There is another way. There is a way to flow with nature, and with your own nature, and to create the life you love more pleasurably and more effectively. But you have to FACE THE MUSIC.
Every creation, every life, includes the seasons. Sometimes things are easy and they flow, and sometimes they are hard and challenging. Always there is loss. Always there are little deaths, and big deaths. If you can’t face Winter, you can’t really grow. Your life will remain stunted and small. Your creations, however magnificent they may seem to the outside world, will be a fraction of what you’re really capable of.
If you want to be an amazing creator, if you want to live your purpose, if you want to have a real impact in the world, embrace your seasons. Don’t try and produce results ALL of the time. Don’t be so horrified when things sicken, or die. Learn to face the dark, and learn to love it, because it WILL come for you at times, and it’s so much easier when you can embrace it.
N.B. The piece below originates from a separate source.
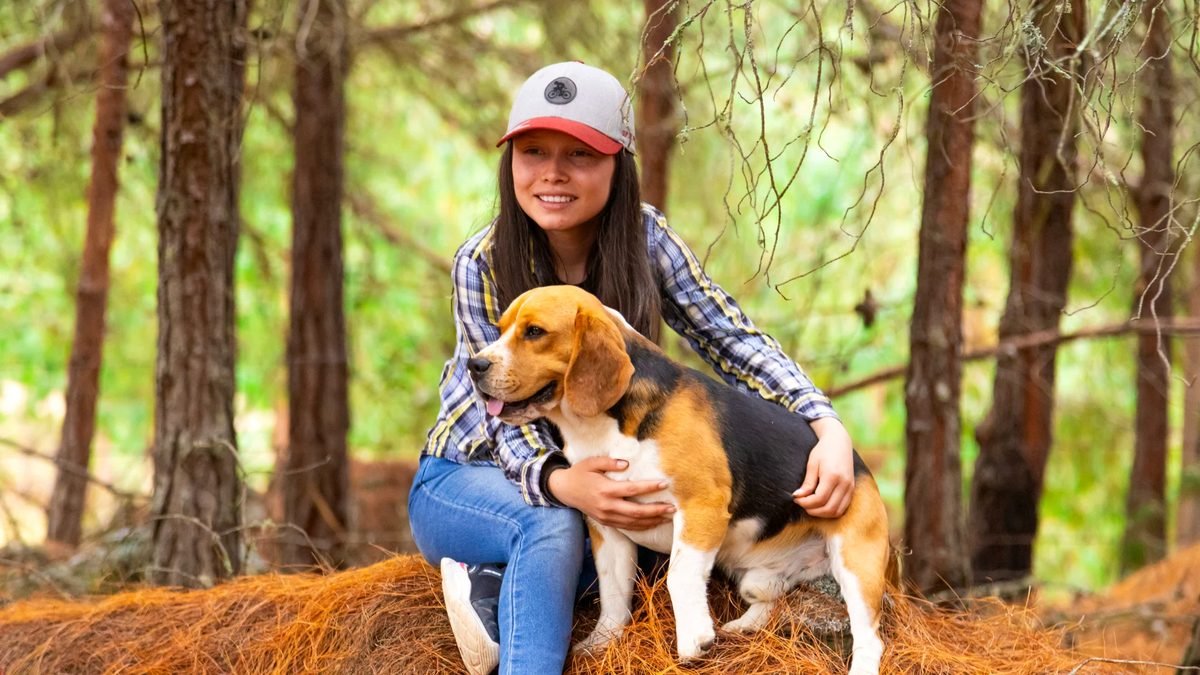 Huésped abrazando a su perro beagle en el bosque del glamping, en Pesca, Boyacá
There is a way to surrender to life and at the same time manifest what matters to you. You can focus like crazy AND yield to something larger than you, and when you do, there is flow, there is pleasure, and there is true mastery.
I think the tension in the world right now is calling us to wise up – really it’s saying: evolve or die.
Instead of blindly continuing to try and force results, how about we give in?
How about we act in concert with nature, and find our true rhythm and flow?